Guilherme G. Piccoli (1):
  md/raid0: Introduce emergency stop for raid0 arrays

 drivers/md/md.c    | 126 +++++++++++++++++++++++++++++++++++++++++----
 drivers/md/md.h    |   6 +++
 drivers/md/raid0.c |  14 +++++
 3 files changed, 136 insertions(+), 10 deletions(-)

-- 
2.18.0

[RFC] [PATCH 1/1] md/raid0: Introduce emergency stop for raid0 arrays

[Guilherme G. Piccoli]

Currently the raid0 driver is not provided with any health checking
mechanism to verify its members are fine. So, if suddenly a member
is removed, for example, a STOP_ARRAY ioctl will be triggered from
userspace, i.e., all the logic for stopping an array relies in the
userspace tools, like mdadm/udev. Particularly, if a raid0 array is
mounted, this stop procedure will fail, since mdadm tries to open
the md block device with O_EXCL flag, which isn't allowed if md is
mounted.

That leads to the following situation: if a raid0 array member is
removed and the array is mounted, some user writing to this array
won't realize errors are happening unless they check kernel log.
In other words, no -EIO is returned and writes (except direct I/Os)
appear normal. Meaning this user might think the wrote data is stored
in the array, but instead garbage was written since raid0 does stripping
and require all members to be working in order not corrupt data.

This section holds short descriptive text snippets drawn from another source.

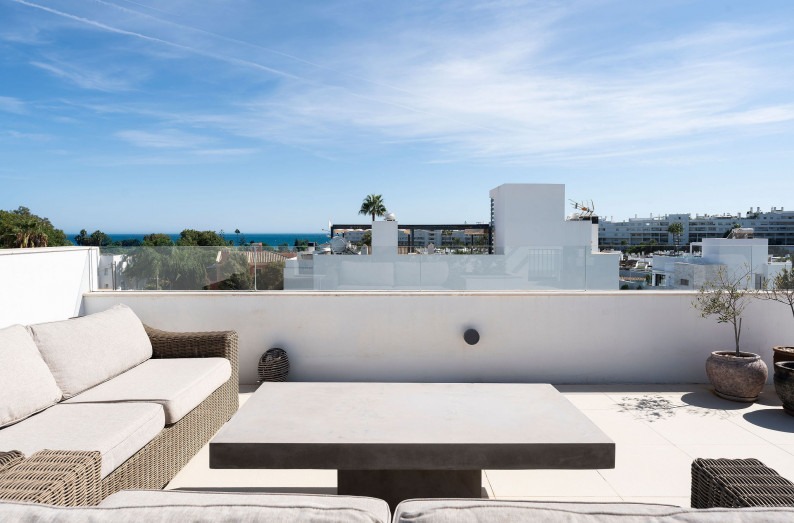 FOR SALE 🌟🏡 Modern Villa with Heated Pool near the Beach 🇪🇸 Linda Vista Baja, San Pedro de Alcántara 🇪🇸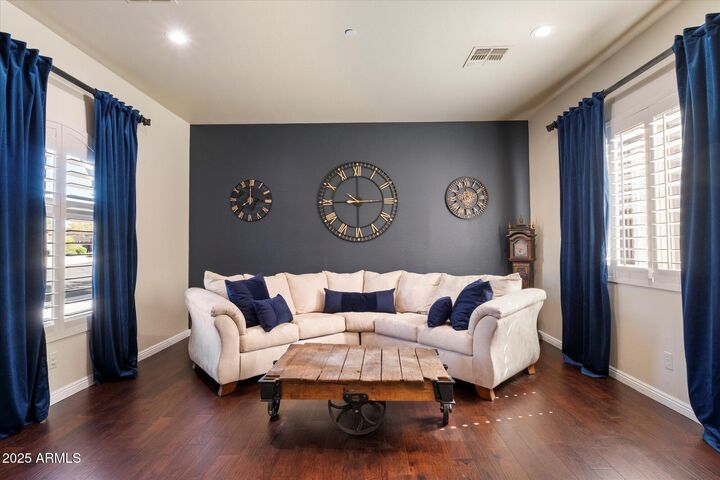 Property Photo: 23007 N 38th Way AZ 85050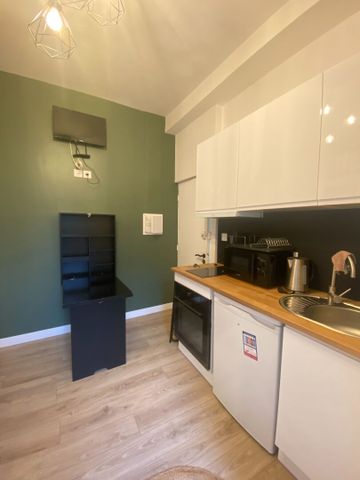 Location Appartement 1 pièce 9m² - Photo 5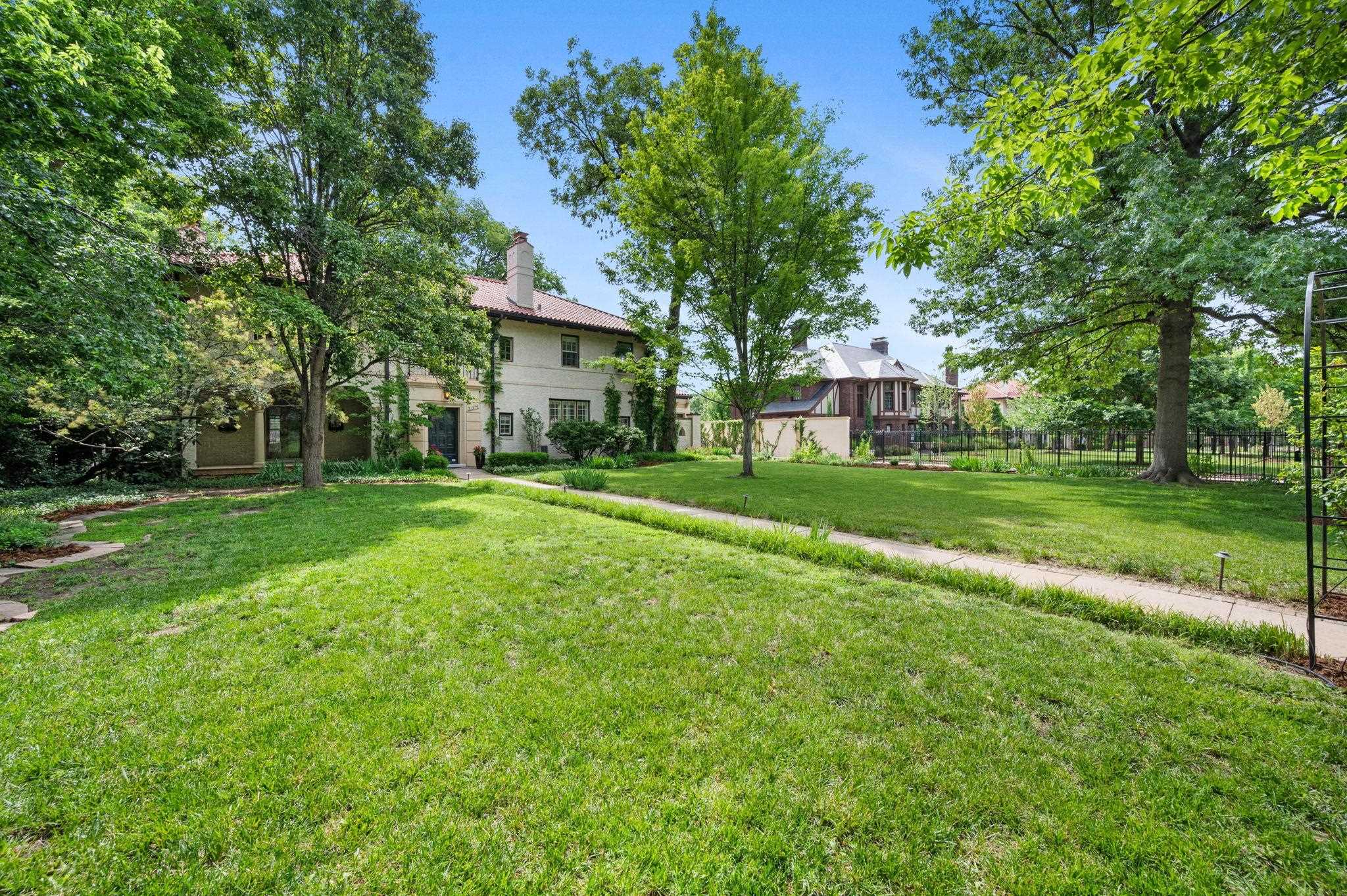 334 N Crestway Wichita KS 67208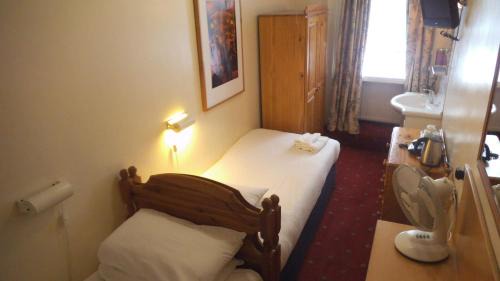 Twin Room with Shared Bathroom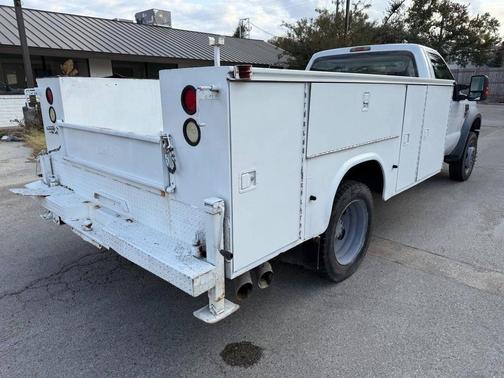 2009 Ford F-450 4X2 2dr Regular Cab 140.8 200.8 in. WB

This patch propose a change in this behavior: to emergency stop a
raid0 array in case one of its members are gone. The check happens
when I/O is queued to raid0 driver, so the driver will confirm if
the block device it plans to read/write has its queue healthy; in
case it's not fine (like a dying or dead queue), raid0 driver will
invoke an emergency removal routine that will mark the md device as
broken and trigger a delayed stop procedure. Also, raid0 will start
refusing new BIOs from this point, returning -EIO.
The emergency stop routine will mark the md request queue as dying
too, as a "flag" to indicate failure in case of a nested raid0 array
configuration (a raid0 composed of raid0 devices).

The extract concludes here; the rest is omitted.